Prime Minister Benjamin Netanyahu reassured his Defense Minister, Moshe Ya’alon, that he has not promised Ya’alon’s job to Jewish Home party chief Naftali Bennett if he forms the next government, Israel’s Channel 2 news reported Monday.
Hearing rumors that his job had been earmarked for Bennett, Ya’alon sought a meeting with Netanyahu. The prime minister reassured him that he had cut no such deal, the report said.
Ya’alon then asked the prime minister to confirm that he’d be continuing in the defense position after the March 17, 2015, elections, but Netanyahu reportedly demurred, saying he couldn’t make any such commitment since he didn’t even know for certain that he’d still be prime minister.
Ya’alon is a former IDF chief of staff. Last Tuesday, in announcing that he’d called early elections, Netanyahu cited his harmonious working relationship with Ya’alon as one of the few positive aspects of his often-divided coalition.

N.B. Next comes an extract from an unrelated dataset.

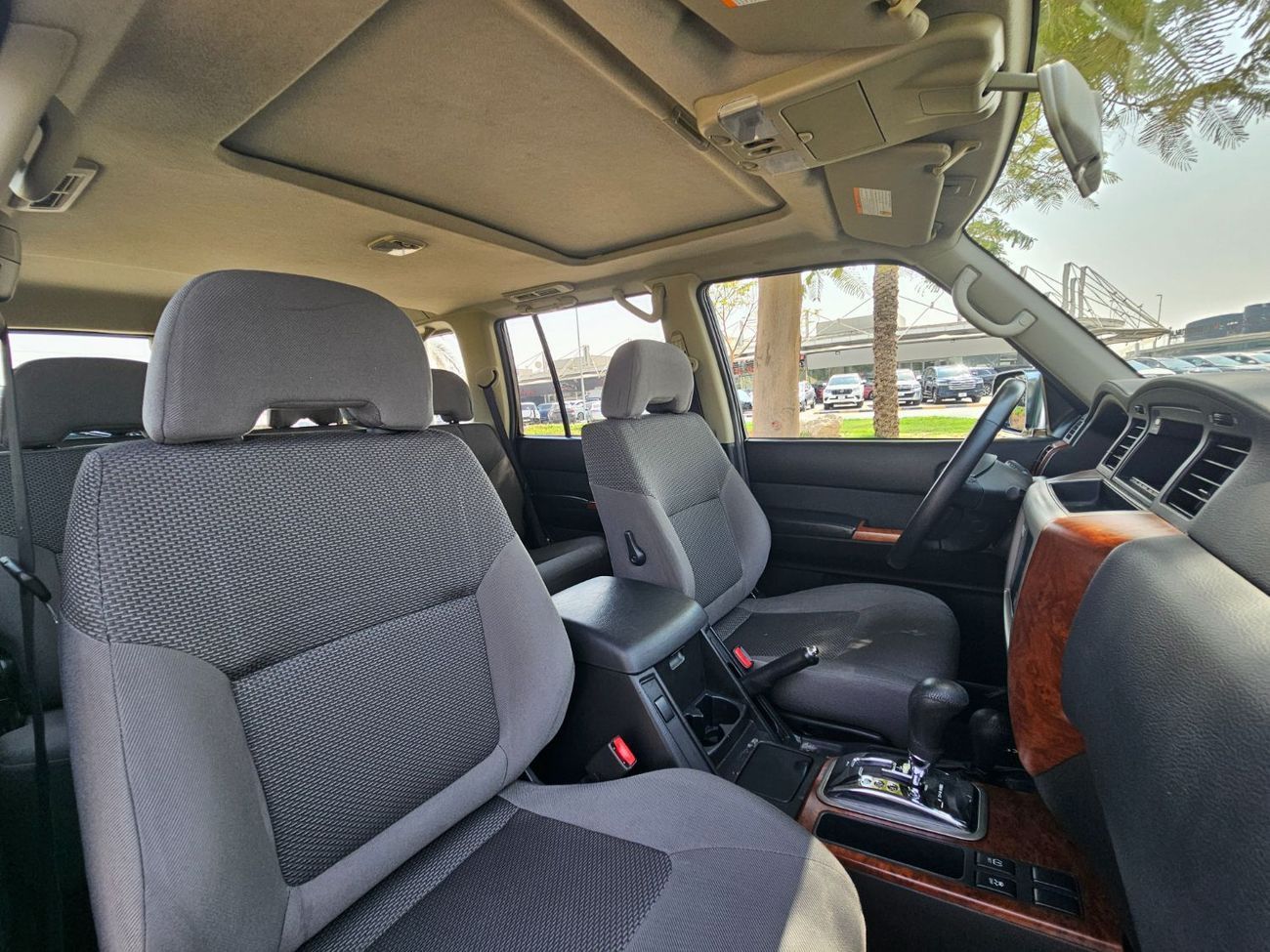 نيسان باترول سفاري GL 4.8L A/T (7 Seater)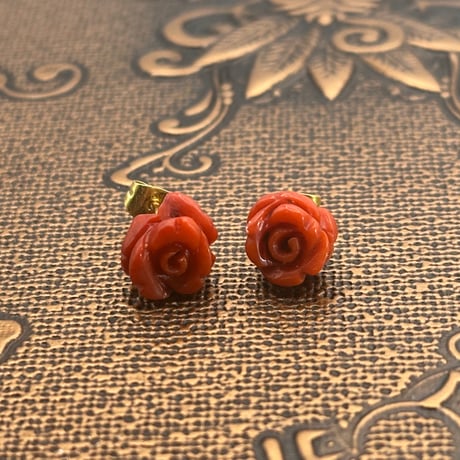 天然石薔薇彫刻 赤珊瑚のスタッドピアス/アレルギー対応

Bennett, the economy minister, said on Sunday that he and Netanyahu had reached an agreement not to publicly attack each during the election campaign. Like Netanyahu, Bennett is a former soldier in the elite IDF General Reconnaissance Unit (Sayeret Matkal). He was bitterly critical of Netanyahu’s approach to the war with Hamas this summer, urging that Israel defeat and disarm Hamas, rendering Gaza like the West Bank — “without missile factories, launchers, rockets, and tunnels.”